Hurricane DEAN

A few years back, there was a hurricane in the Gulf/Atlantic area that would have disrupted the DCL cruise, so the cruise wound up going to Savannah and up the east coast instead of the Caribbean.

And don't mess with my Jim Cantore. He was in Biloxi/Gulfport when Katrina hit and wound up nearly getting into the flood. I heard it scared him good.

We're watching both Erin and Dean here in Louisiana. We don't need another Katrina, but we do have some experience now in getting people out.
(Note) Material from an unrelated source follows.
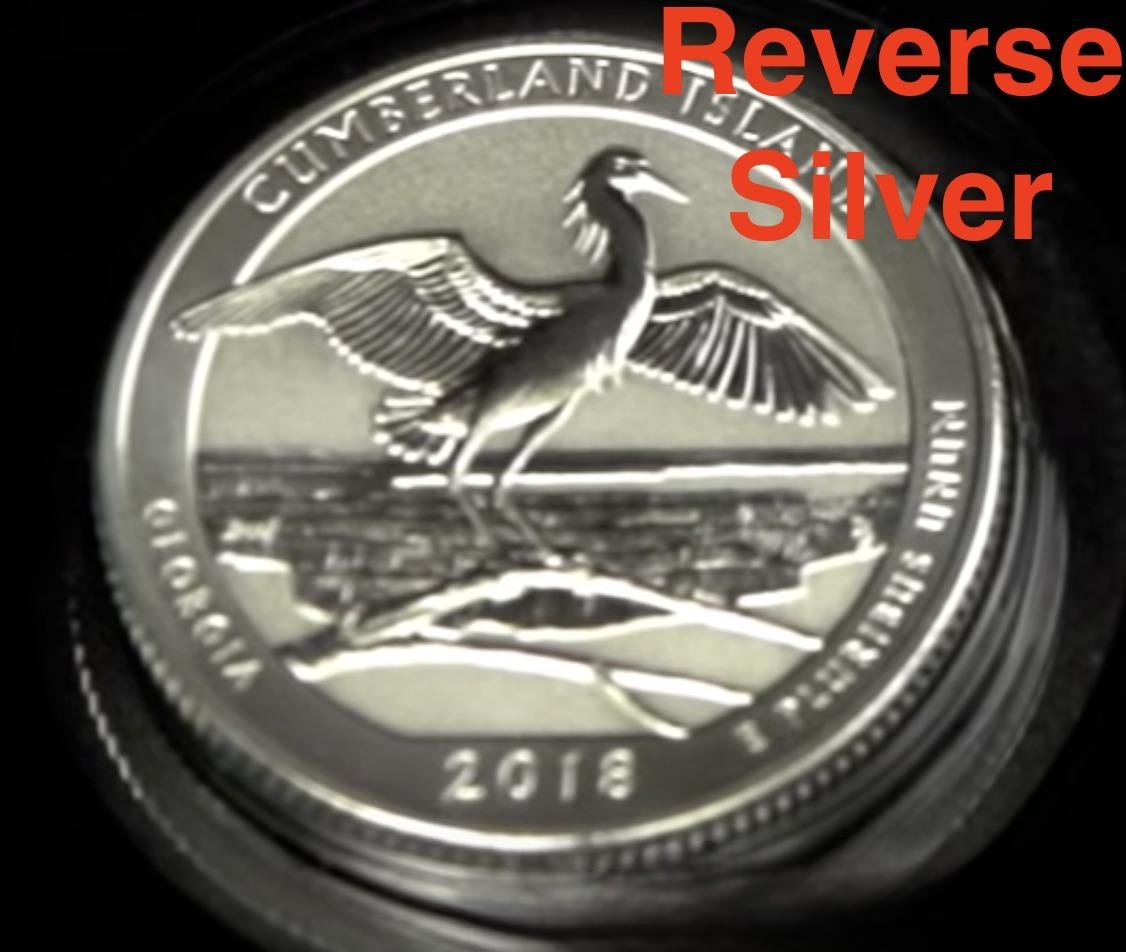 2018 S REVERSE 90% Silver Proof Park Quarter Cumberland Island National Seashore 1 US Coin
Funny thing, earlier this summer the State of Louisiana did a full scale hurricane drill. Name of the Hurricane? Dean. We're going to get the nursing homes and hospitals evacuated 48-72 hours ahead of time this go round.
 
Not too much new news this morning. Dean continues to move very rapidly and strengthen. It is expected to hit the Lesser Antilles as a Cat 2, hitting or brushing Jamaica as a Cat 3, possibly a Cat 4 for Grand Cayman, and then hitting the Yucatan as a strong Cat 4 with sustained winds of 145 MPH and gusts over 165 MPH.
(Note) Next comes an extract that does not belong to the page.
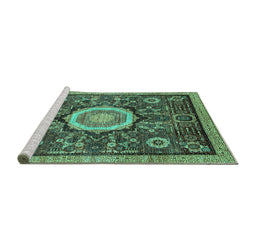Sideview of Machine Washable Abstract Turquoise Modern Area Rugs, wshabs2345turq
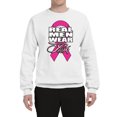 thumbnail image 2 of Real Men Wear Pink Awareness Unisex Crewneck Graphic Sweatshirt, White, X-Large, 2 of 3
If I lived in Texas or Louisiana, I'd watch Dean closely when it gets near Jamaica. If it slips south of Jamaica, good. But if it hits Jamaica and then the western tip of Cuba, there is one computer model that takes it straight to New Orleans.

Doesn't look like Dean is going to threaten WDW unless it makes a dramatic, unexpected turn...which, of course, is always possible.
 
Mark and Sue-We are also on the 8/23 cruise. The forecast is looking better so thats positive! From what I have learned, we will cruise no matter what-even if it means being bussed from Port Canaveral to a different port and changing the cruise itinerary entirely.
I dont really like the thought of being on hurricane fueled rough waters! I believe the insurance will cover if you couldnt get to the cruise due to weather rather than cover the cruise itself. If the boat is sailing, I dont think they are giving refunds.
Not too sure about the points.
 
We are at the London airport at moment as we are staying here overnight and could not resist checking the DIS to see if there was an up-date on Dean. Great to see someone else on our cruise.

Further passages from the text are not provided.